There is a general principle in Neuro Linguistic Programming that advocates the quest for a ‘richer perceptual map’ of the world. This involves developing multiple perspectives regarding an object of interest and building a collection of conceptual frames of reference through which we can consider reference objects. Dilts (1998) calls this principle ‘The Law of Requisite Variety’ which originated from Systems Theory. The law advances the idea that we need to be continually adapting and changing our social strategies to ensure that we maintain and build upon our desired social results. This means that we must always be open to reviewing strategies that have served us well in the past and perhaps in the present and look for opportunities to change or transform these if required.
This is the principle of Personal Mastery as developed by Peter Senge (2006) and Organizational Learning as developed by Chris Argyris (1990). Dilts (1998, p. 9) states that the underlying principles governing The Law of Requisite Variety is that “in order to successfully adapt and survive, a member of a system needs a certain minimum amount of ﬂexibility, and that ﬂexibility has to be proportional to the potential variation or the uncertainty in the rest of the system.” For Dilts the person with the greatest behavioural, cognitive, and emotional ﬂexibility in the system will be the ‘catalytic’ force for change. He perceptively notes that this has signiﬁcant implications for leadership in organizations.

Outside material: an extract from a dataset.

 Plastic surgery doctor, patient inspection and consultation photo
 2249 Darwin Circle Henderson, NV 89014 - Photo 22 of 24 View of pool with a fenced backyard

In terms of conscious leadership mediated through NLP applications The Law of Requisite Variety is a meta-guiding principle that motivates the quest for self-mastery over our behavioural, emotional, and cognitive ﬂexibility to maximize our intra and interpersonal skills. Senge (2006), in his seminal book The Fifth Discipline, implicitly advances the principle of The Law of Requisite Variety with a ﬁve-point framework he argues is required as a catalyst for the emergence of the learning organization.
The ﬁve disciplines are:
1 Personal mastery of our craft 2 Exploring and challenging our mental models of the world 3 Vision building and sharing our vision with others 4 Encouraging team learning through generative collaboration and dialogue 5 Adopting a system thinking perspective towards organizational development and change
The Law of Requisite Variety also applies to the world of change management in organizations. The wider and richer the perceptual map that the manager can develop and access, the deeper the understanding they can glean regarding situations and the wider range of strategies they can conceptualize. For example, if we think of strategy we can think of emergent strategy, planned strategy, localized strategy or even micro, or macro strategy. We may have a concept relating to strategy enabling us to develop concepts such as unconscious strategy work (not disimilar to revolution campervans). These are all diﬀerent conceptualizations of strategy work and they enable us to structure our strategic thinking around multiple perspectives. Compare this to leaders with strategy as a core function who, at best, can only think about strategy as the, or our, strategy in the singular.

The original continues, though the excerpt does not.